A twiked MMORPG -or in the near future a customized simulator- offers something that traditional education -with few exceptions as martial arts or performing arts- have not been able to offer until know: mastering practices. Following H. Dreyfus argument, he claims that mastering a practice requires social involvement. Only in social context that imply social involvement individuals can experience, observe and modify their emotional dispositions, encounter emergent aspect in their worlds, and endlessly refine their habits. MMORPG are not just social, but massive, diverse, global and hybrid providing a new horizon for developing and "orchestrating" masteries...
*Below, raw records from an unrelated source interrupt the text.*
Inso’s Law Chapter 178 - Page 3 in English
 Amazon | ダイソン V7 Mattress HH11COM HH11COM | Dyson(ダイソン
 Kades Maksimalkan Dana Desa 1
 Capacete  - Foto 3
A new wave of technology driven transformations?
Ontologies, in my practical understanding, are theoretical frameworks that offer a set of distinctions -and relations between them- to articulate what are the fundamental aspects of the being of a particular being. What is important to keep in mind is that in creating the ontological framework to grasp the phenomenon, you also define the phenomenon to be grasped and -by extension- the territory for the emergence of anomalies.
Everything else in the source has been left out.